The Christian should expect this, although it takes very little effort to see where his bias lies.  As for me, I owned up to my Christian bias right off the bat.  The transcendental argument (TAG) requires the believer to do just that, and it is only honest to do it.  I am not neutral.  Before I became a Christian I thought I was – but I was not.  I was anti-Christian!  I refused to accept the Bible as God’s Word without even reading it and considering its worldview.  Also, I had my own ideas about what “faith” was (something like believing in what you know isn’t true), and I wasn’t going to allow a person of faith to correct me.  Now, long after I recommended he peruse my Statement of Faith so he would know what I believed, FF blurted out on Facebook that he had no respect for anyone who had a Statement of Faith.  He thought a Christian having such a thing was “intellectually dishonest!”  In his book declaring what one believes is intellectually dishonest.  Ummm….??? Right.

If Atheism is True, How Does One Explain   the Existence of Logic, etc?

The atheist wants to start with reason.  BUT – only if he can keep it’s use within his own atheistic worldview!  He must set the rules of the game.  He is unbiased you see!  Now, the Christian certainly wants to reason too.  But will he reason from an atheistic position?  How preposterous!  No, he will reason from a Christian position.  That is his bias.  The atheist must be intellectually honest enough to admit that he too has a bias.  As I pointed out before, being biased in the direction of the truth is a good thing.  But the question now arises, which bias – that of the atheist (in this case) or the Christian – leads to the truth?

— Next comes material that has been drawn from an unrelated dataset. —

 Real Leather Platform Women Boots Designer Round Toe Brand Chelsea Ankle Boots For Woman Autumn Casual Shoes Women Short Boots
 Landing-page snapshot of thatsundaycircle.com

For that question to be answered, we must explore the foundational set of presuppositions which lead us to argue the way we do.  We must explore and critique each others worldviews.  The atheist can ask me how I account for logic and its comportment with the world beyond ourselves (i.e. in analysis of things in the world or with discussions with other people)?  I will ask him the same question, and we will see which one makes sense of experience and which one doesn’t.It is my contention that my Statement of Faith, to the degree that it correctly mirrors the Bible, does provide the necessary preconditions for logic (it reflects the mind of God), justice and ethics (which reflect the holy character of God), history (grounded in the creation and providence of God), science (grounded in creation and our imaging God and our God given ability to explore the world, and God’s promise in the Noahic covenant), love (the character of God), and on and on.  In the Christian outlook then, we must pursue the knowledge of God through His Self-revelation in order to know about ourselves and the world.  And the Biblical Worldview informs us how we can do that.

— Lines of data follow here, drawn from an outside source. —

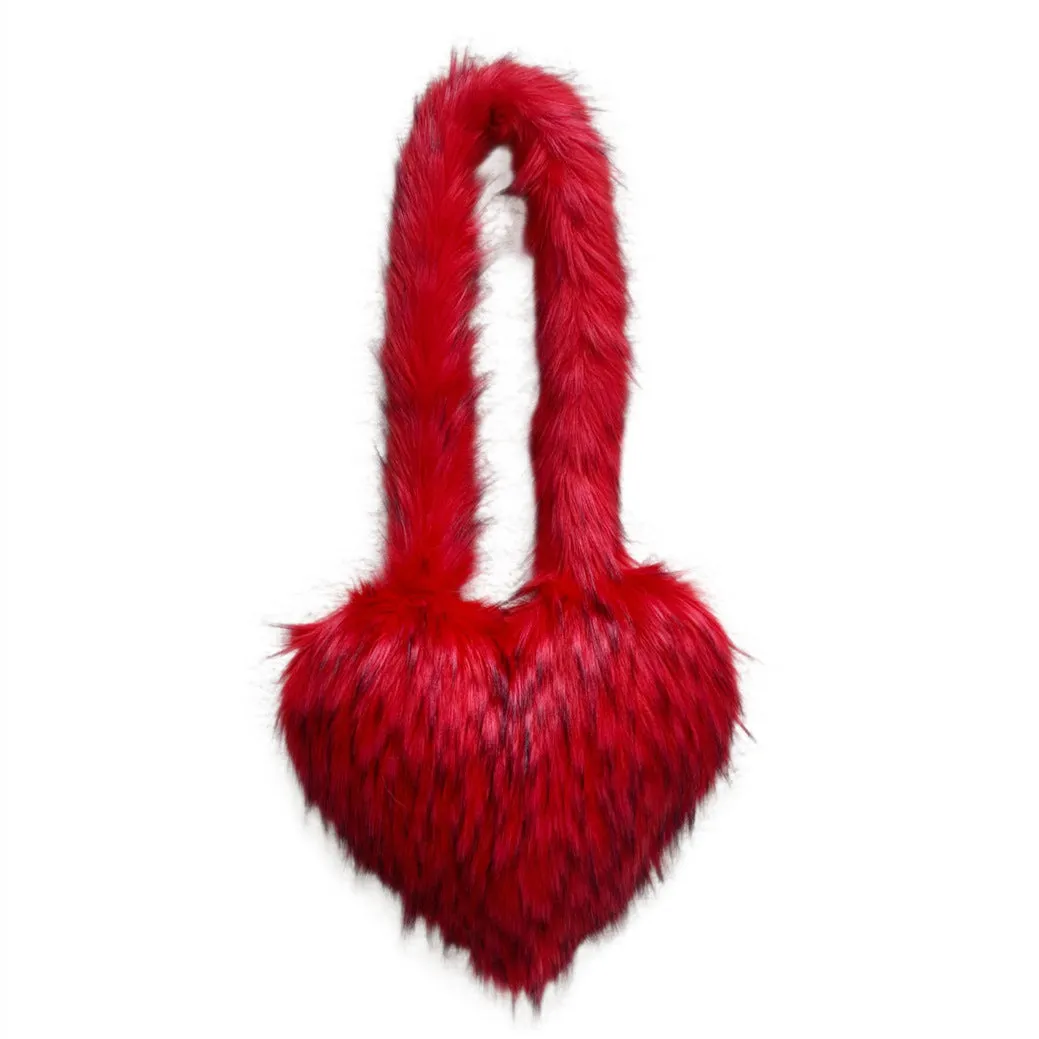 Heart Imitation Raccoon Fur Plush Large Shoulder Bags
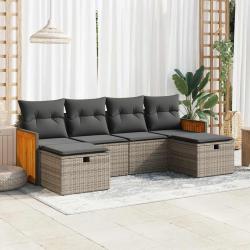 Salon de jardin 6 pcs avec coussins gris r&eacute;sine tress&eacute;e
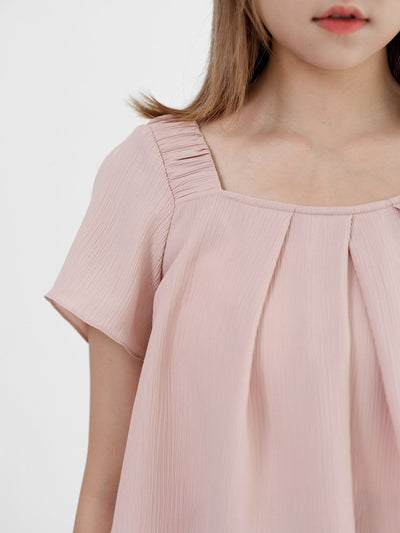 Gwen Chiffon Pleated Top - DAG-DD0826-23DustyPinkS - Dusty Pink - S - D'ZAGE Designs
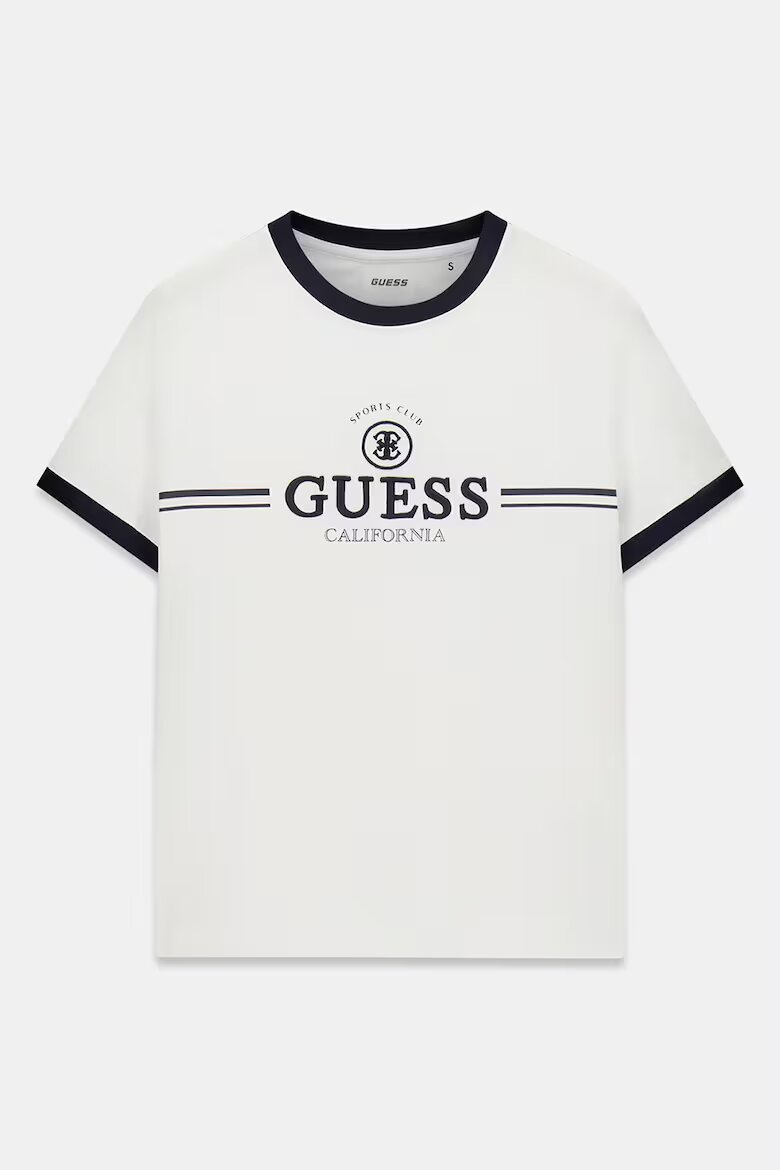 GUESS Слим фитнес тениска Бял/Тъмносин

What about the atheist?  How does he fare?

FF thinks he has answered this problem by asserting “we created logic.”  I already replied that if this is so logic is not eternal since we are not eternal, and there is no reason to believe it corresponds to anything beyond our brains.  If logic is an “accident” dependent upon human minds, we must ask two follow up questions: 1. how does the atheist account for the fact that logic connects with the world outside? (I’m going to ignore FF’s ridiculous view that it doesn’t, since if that were true he couldn’t reason with or about anything but himself.  And he couldn’t even do that since logic requires classes of things beyond us to function),  2. if all reality comes from chaos, like atheists believe, how does physical chaos produce non-physical laws of thought?

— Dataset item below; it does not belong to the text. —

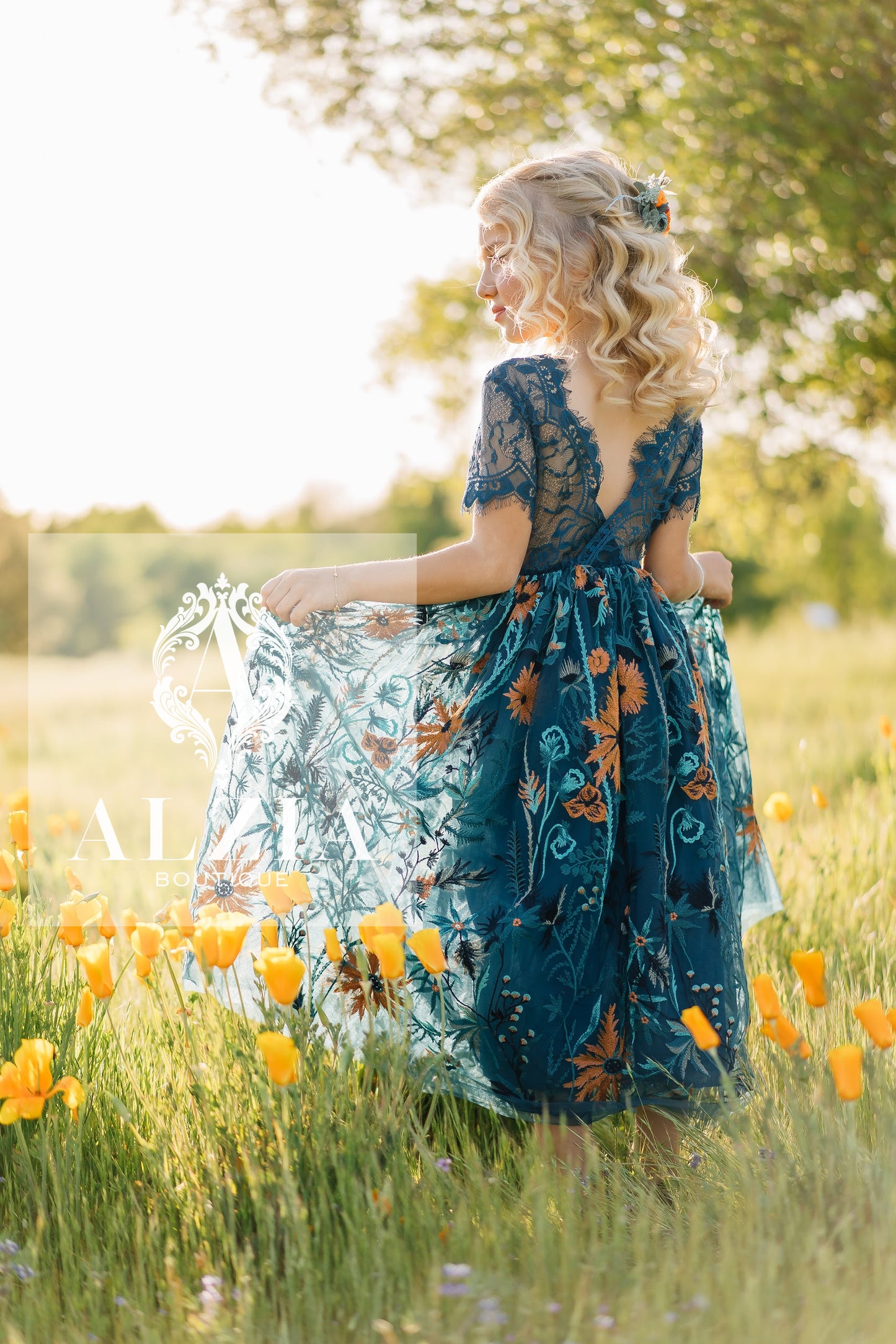 Teal Sunflower Flower Girl Dress | Full-Length Short Sleeve Lace Dress for Rustic, Boho, Outdoor Weddings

The standard reply is that, as I have already said, the atheist declares “logic is just there.”  Is that giving a pre-condition for logic?  Suppose I visit San Francisco with a friend and we gaze at the Golden Gate Bridge, and my friend asks me how it got there.  I respond, “It’s just there!”  Would anyone think I had answered my friend’s question?  No, they would think I was a bit dense for answering that way.  In effect, a “how did that get there?” question is a precondition question; an inquiry seeking an account of something.  The presuppositionalist wants the atheist to answer the “how did it get there?” questions about logic, beauty, love, induction and deduction, history, justice, goodness, evil, and the rest.  He wants the atheist to stop muttering “can’t we agree that it’s just there” and begin making sense of it using only his atheist beliefs.  When the atheist finally comes down off his high-horse and begins providing a philosophy of atheism which can explain all this, something interesting will happen.  He will get confused and tongue-tied.  He will try to base rationality upon original irrationality; ethical norms on the revolving door of Darwinian blind contingency; and he will back away from explaining the reliability of our senses faster than you can say “don’t say it’s just there.”

No, We Can’t Just Agree

  

We see then that the Christian is not to allow the atheist to pretend he can use terms like “rational”, “logical”, “wrong”, “true”, until he has supplied us a workable definition of those words which comport with the way he claims the world really is.  According to FF, the precondition (the precondition, mind) of logic is “we created them.”  The precondition for normative ethics is, “the desire not to harm or be harmed.”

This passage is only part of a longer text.